Your output should consist solely of the lines from the one holding "Sealife Puzzle 48 Piece" to the end of the records below, inclusive, reproduced exactly and free of pictures.

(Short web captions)
- - - - -

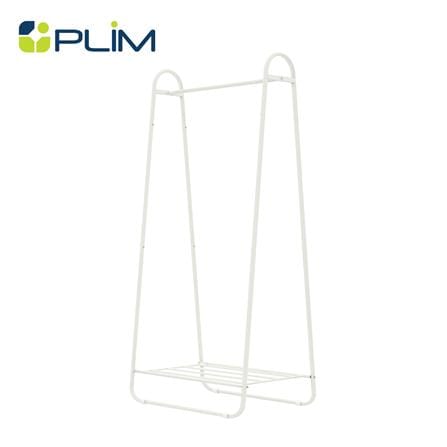 ราวแขวนผ้า PLIM LUNA 60 ซม. สีขาว_0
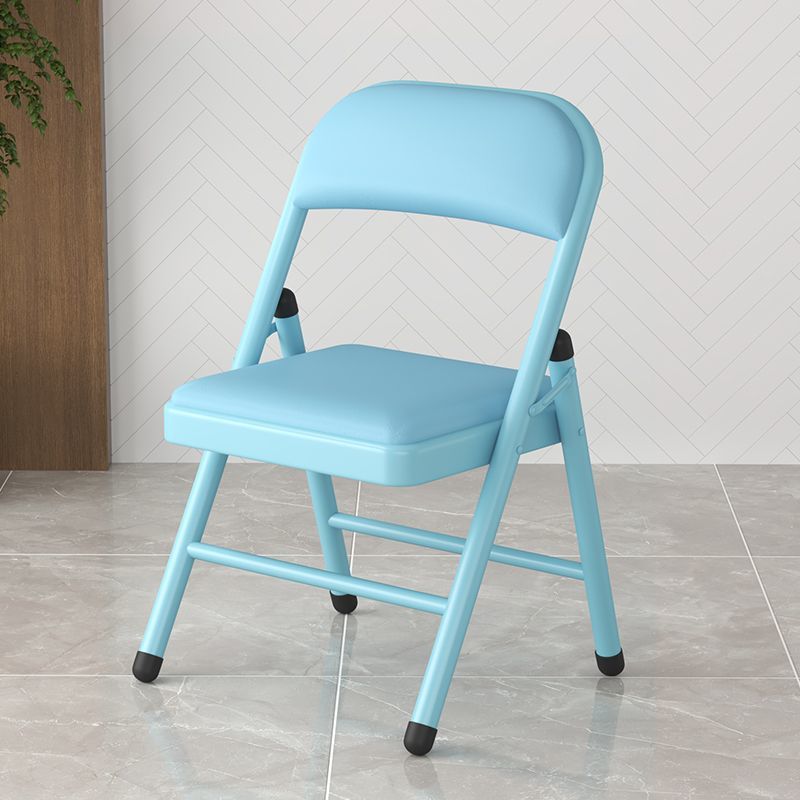 Picture of Simple stool, back chair, home folding chair, portable computer chair, training conference chair, dining chair, dormitory office chair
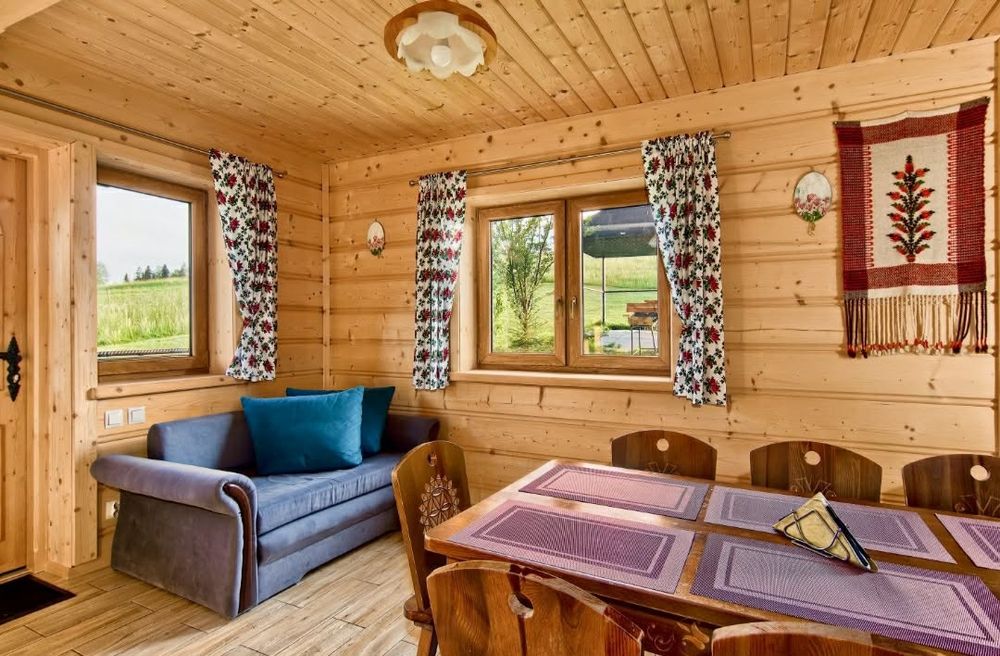 Domki w górach. Podhale Zakopane Termy chochołowskie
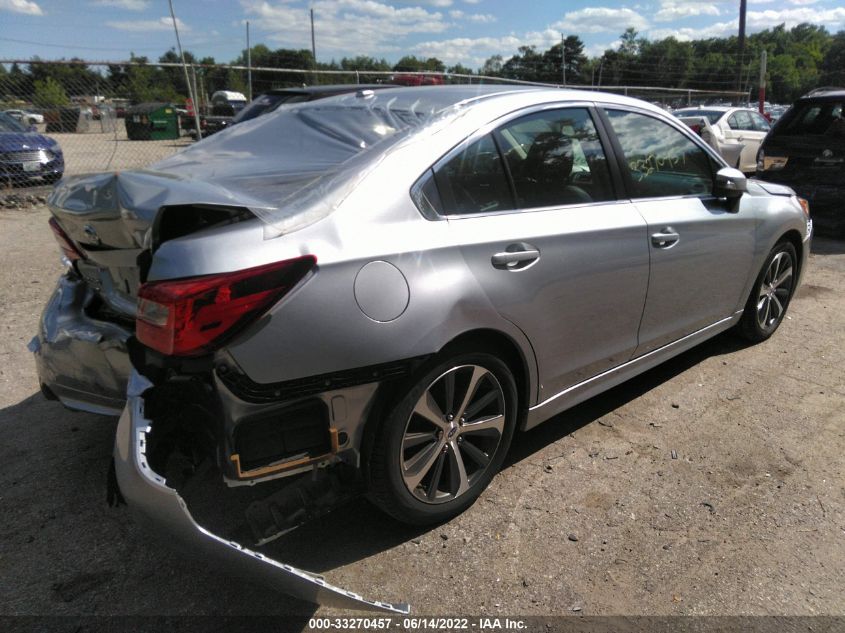 2015 SUBARU LEGACY 2.5I LIMITED 4S3BNAL62F3004333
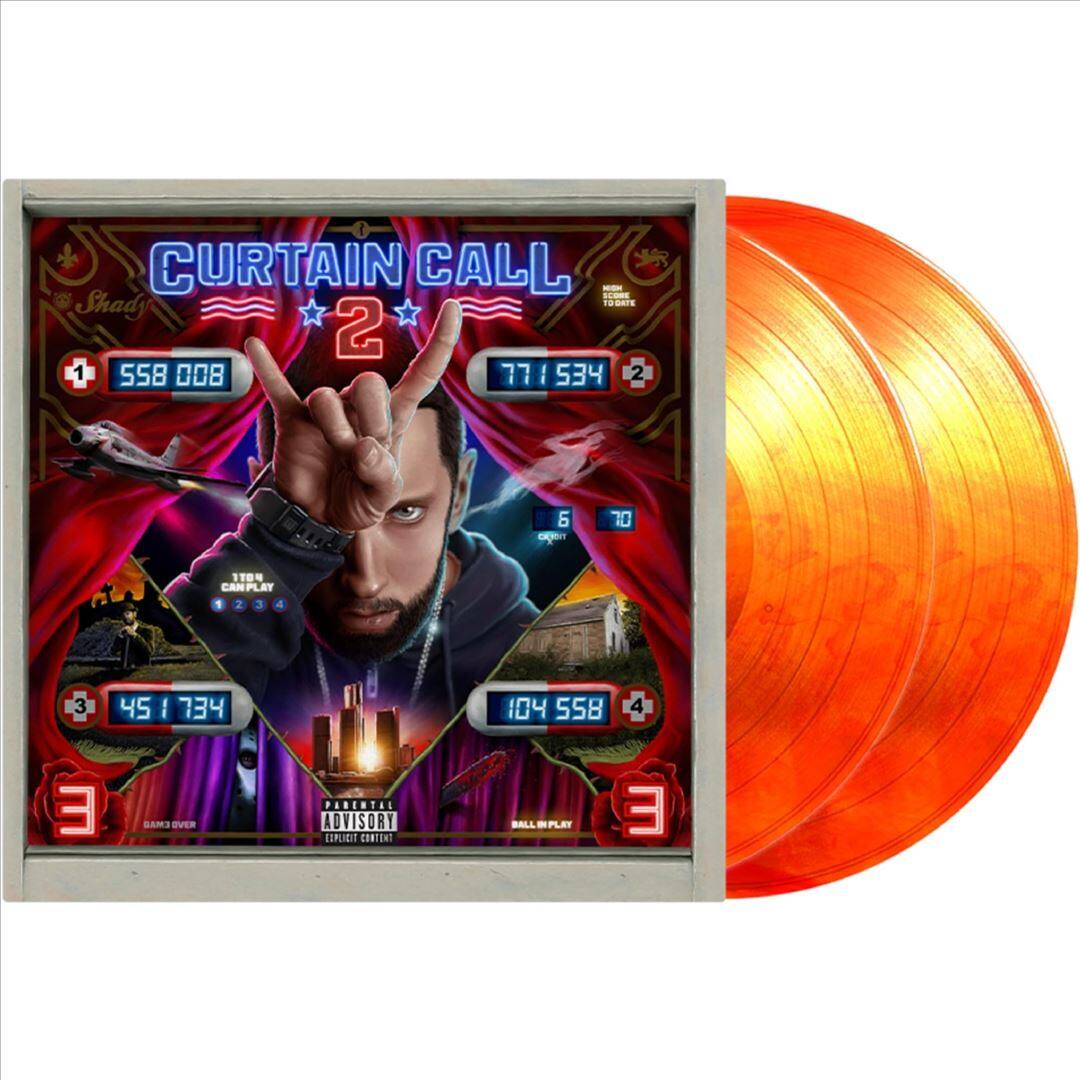 Front. Curtain Call 2 [LP].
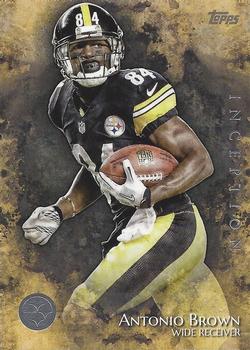 2014 Topps Inception #37 Antonio Brown Front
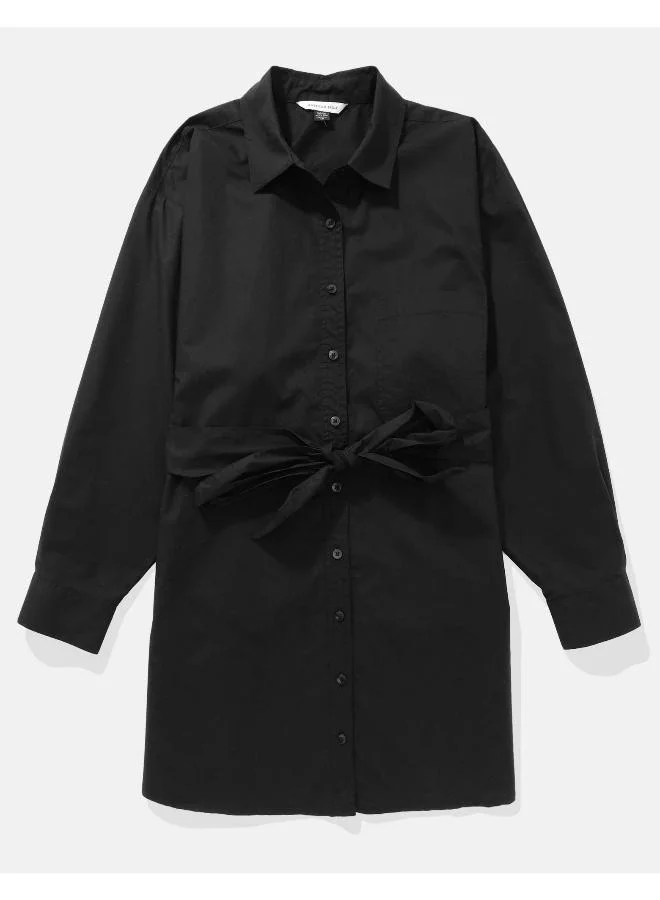 American Eagle Belted Mini Dress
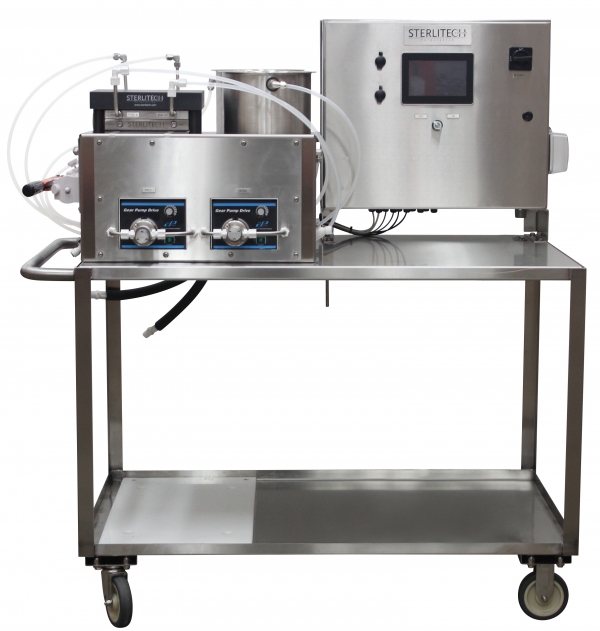 Bench scale forward osmosis system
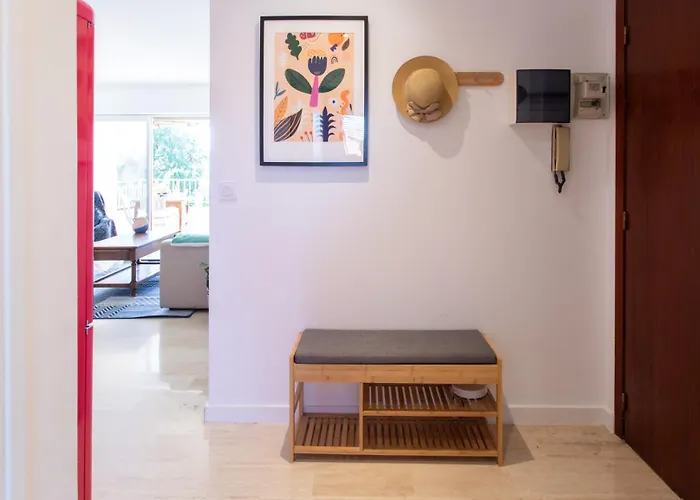 A3 - 2 Bdr Sea View 10 Min - Parking, Pool & Terrace Lejlighed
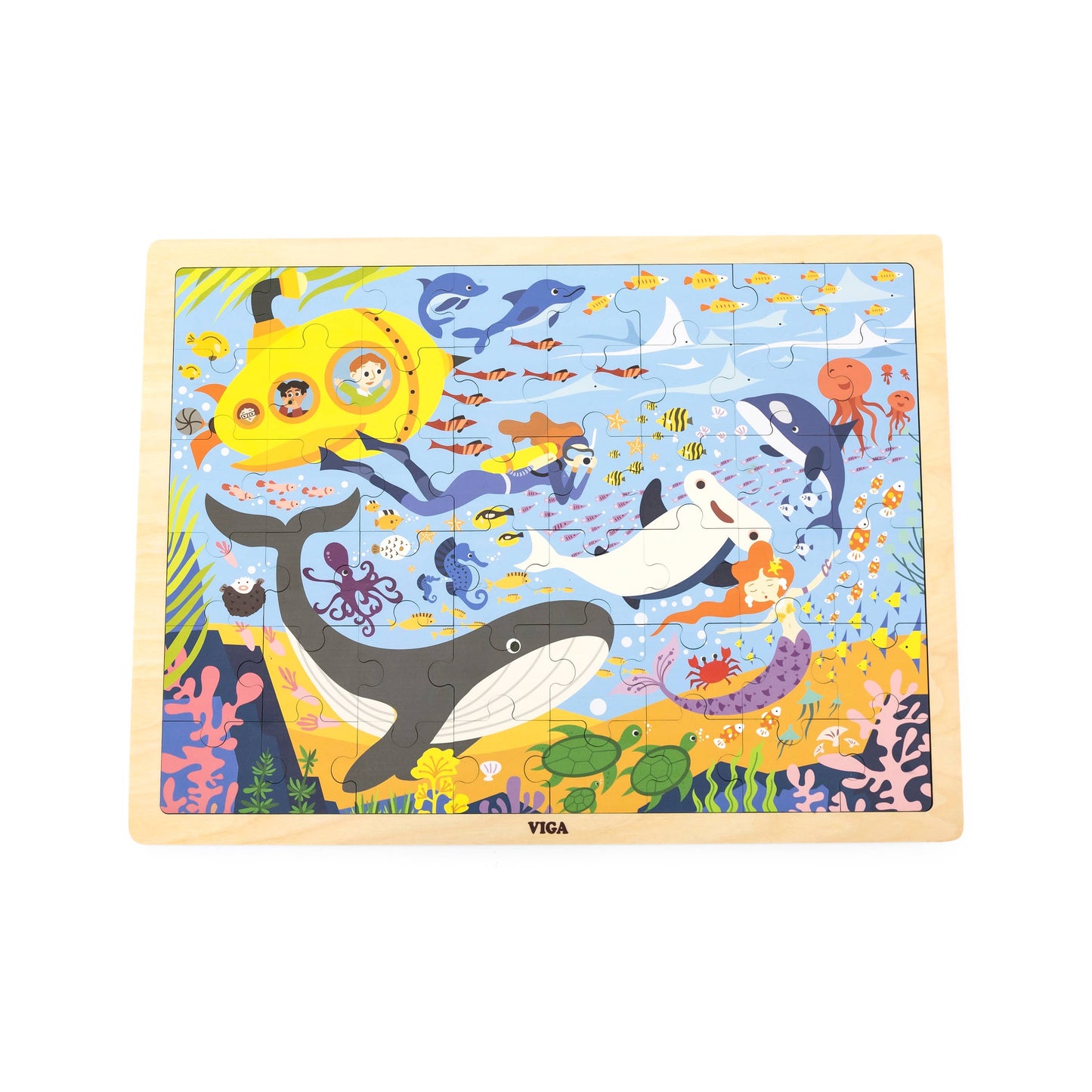Sealife Puzzle 48 Piece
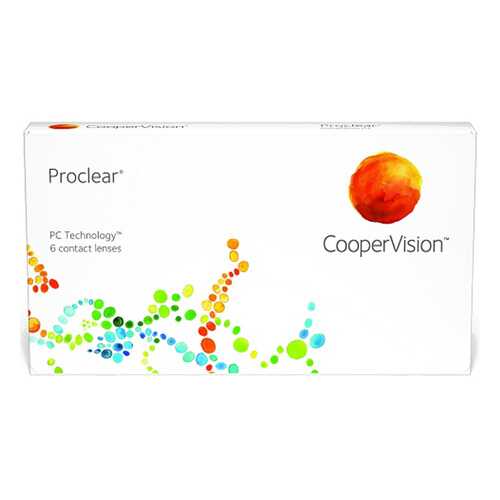 Контактные линзы Proclear 6 линз -5,25 в Горздрав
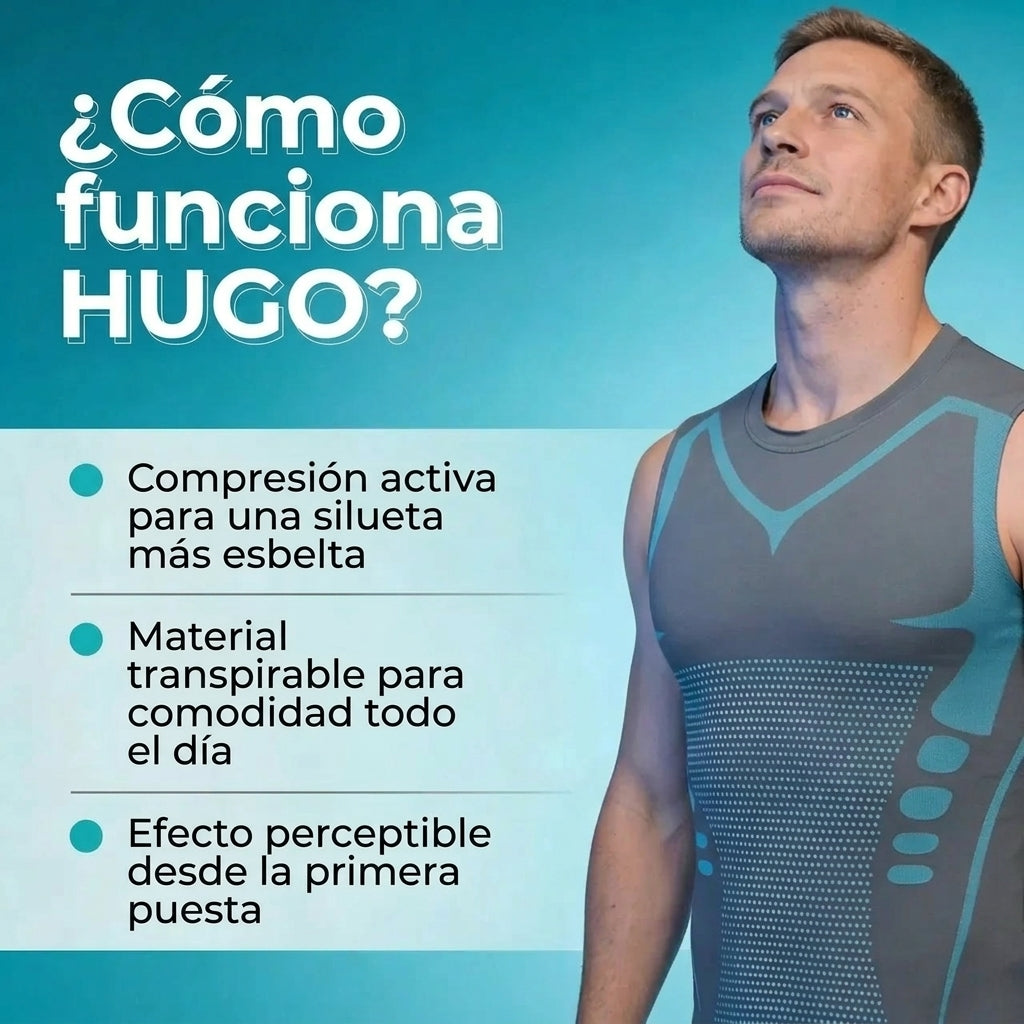 Hugo | Finalmente un día en el que no piensas en tu abdomen.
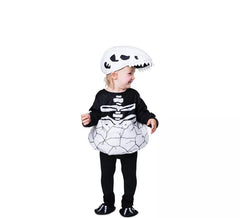 Dino Skeleton Kostüm für Jungen und Babys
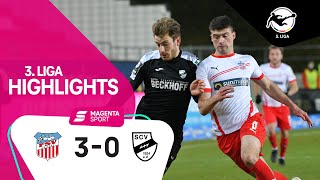 FSV Zwickau - SC Verl | 27. Spieltag, 2020/2021 | MAGENTA SPORT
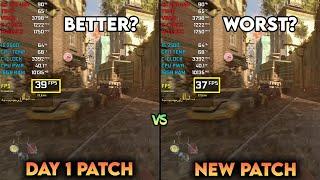 Dying Light 2 - Day One Patch vs New Patch - Comparison Test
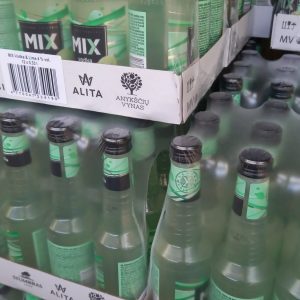“mix” Lime 12 X 0.33l Pack
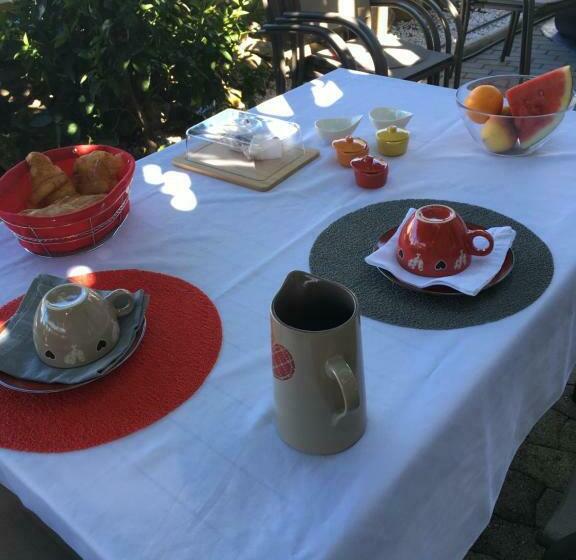 Номер Стандарт, Casa Basgiu, Chambres Avec Balcon Et Table D Hôtes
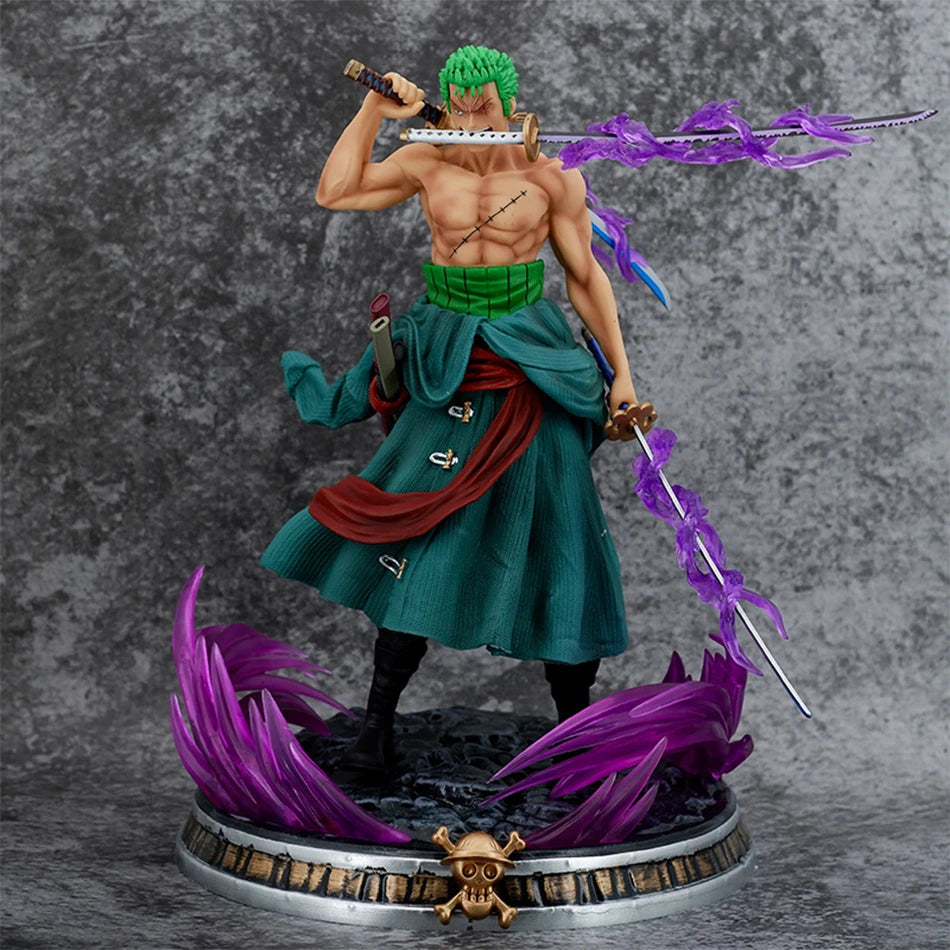 One Piece Roronoa Zoro PVC Action Figure Collectible Toy
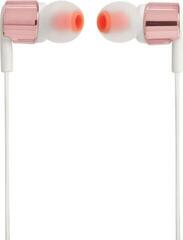 Sluchátka do uší JBL T210 Rose Gold Sluchátka do uší - 4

- - - - -

Expected output
Sealife Puzzle 48 Piece
 Контактные линзы Proclear 6 линз -5,25 в Горздрав
 Hugo | Finalmente un día en el que no piensas en tu abdomen.
 Dino Skeleton Kostüm für Jungen und Babys
 FSV Zwickau - SC Verl | 27. Spieltag, 2020/2021 | MAGENTA SPORT
 Dying Light 2 - Day One Patch vs New Patch - Comparison Test
“mix” Lime 12 X 0.33l Pack
 Номер Стандарт, Casa Basgiu, Chambres Avec Balcon Et Table D Hôtes
 One Piece Roronoa Zoro PVC Action Figure Collectible Toy
 Sluchátka do uší JBL T210 Rose Gold Sluchátka do uší - 4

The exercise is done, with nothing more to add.